The warning, made at the annual summit of the industry’s trade body SMMT (Society of Motor Manufacturers and Traders) came as the latest figures show that despite a record year in 2017 the sector is now seeing job cuts and a slowdown in production output and investment. Indeed, in the first six months of 2018 just £347.3 million has been earmarked for new models, around half the sum announced in the same period last year.

SMMT’s chief executive Mike Hawes cautioned that the industry’s latest figures (it turned over £82 billion in 2017) are the result of investment decisions made long before the referendum and that the signs are now beginning to look more ominous.

"This is what we can achieve when we are unfettered but the industry has to make long-term decisions and the positive figures generated today are the result of investments made many years ago,” he said.

Leaving the single market and customs union will, he said, bring an end to the seamless movement of goods that the UK sector relies upon and he called on government to rethink its plans. “Government red lines go directly against the interests of industry," said Hawes. "We must retain membership of the customs union and secure as many of the benefits of single market membership that we can. It makes no sense for our sector to have different regulation to the rest of Europe.”

Hawes added that the repeated claims that post-Brexit trade with non-EU partners will make up for any shortfall are naïve in such politically uncertain times. “We operate in an increasingly hostile protectionist global environment,” he said, “trade deals take time and there’s no deal that matches the scale and importance of our current deal with Europe.”

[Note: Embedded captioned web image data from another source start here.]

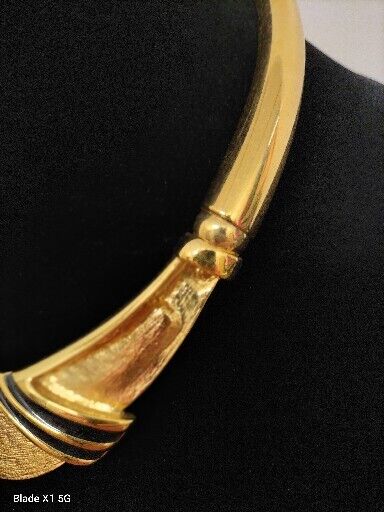 Vintage NAPIER Patent Pending Signed Gold Tone Black Collar Choker Bib Necklace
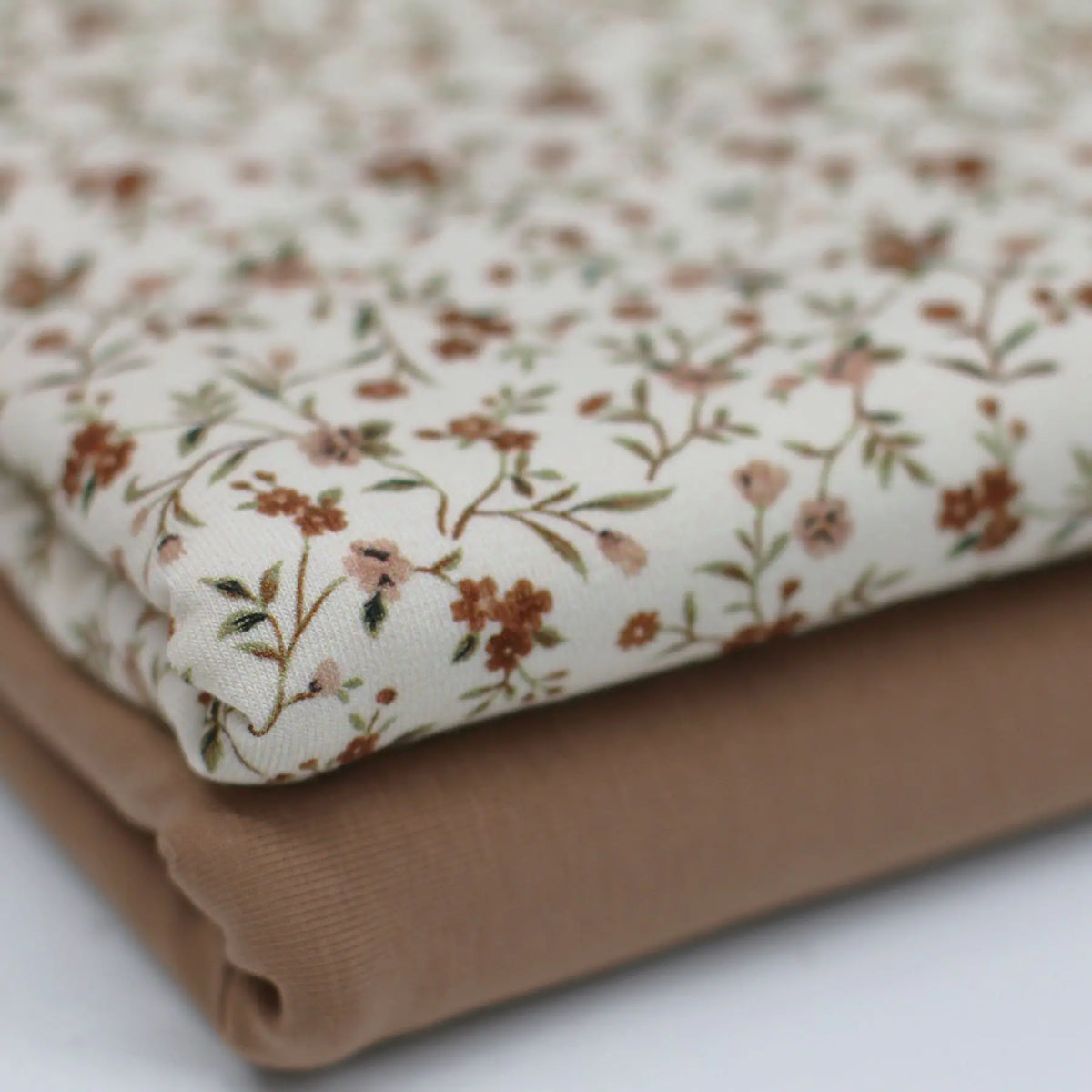 Beige Romantic Flower | Knit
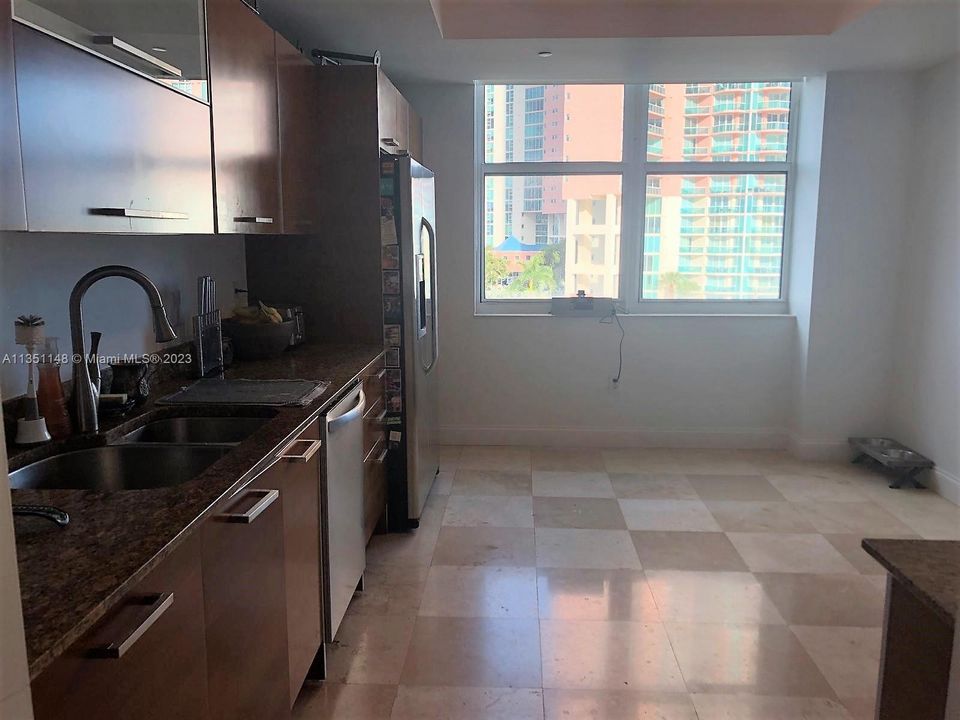 Recently Sold: $950,000 (2 beds, 2 baths, 2289 Square Feet)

Trade deals take time and there’s no deal that matches the scale and importance of our current deal with Europe

His comments were echoed by BMW’s UK boss Dr Ian Robertson, who expressed frustration that dealing with Brexit is taking the UK’s eye off the ball at a critical time for the sector, when profound changes in materials, powertrain technology and even ownership present significant opportunities for growth.

“We are in the most competitive environment we’ve ever seen,” he said, “we can ill afford to have things which are thrust into that competitive equation. I’m very proud of the UK’s achievements and I would hate if it was knocked off course because of some change in the political environment.”

Contrary to reports in some newspapers, Robertson said that BMW is not currently considering moving production out of the UK (unlike Aerospace giant Airbus) but that the company is developing contingency plans for what it would do in the event of a hard Brexit, and how the future situation with Europe could impact its Just-In-Time manufacturing processes.

“What we don’t want to see is any delays or impediments that stop that," said Robertson. "If we do then we will clearly have to make investments to overcome some of it, and that makes the industry less competitive.”

Robertson reiterated SMMT’s calls for government to ensure that the sector’s relationship with Europe remains as close as possible to its current arrangement. “This industry’s resurgence...is based on free flow of materials in and out and a borderless environment,” he said. “We shouldn’t give up on that, we don’t need to give up on that. We want to have what we already have. We recognise, understand and accept that Britain is leaving the EU but it doesn’t need to leave certain parts of the process of the EU: regulation being one and borders being another.”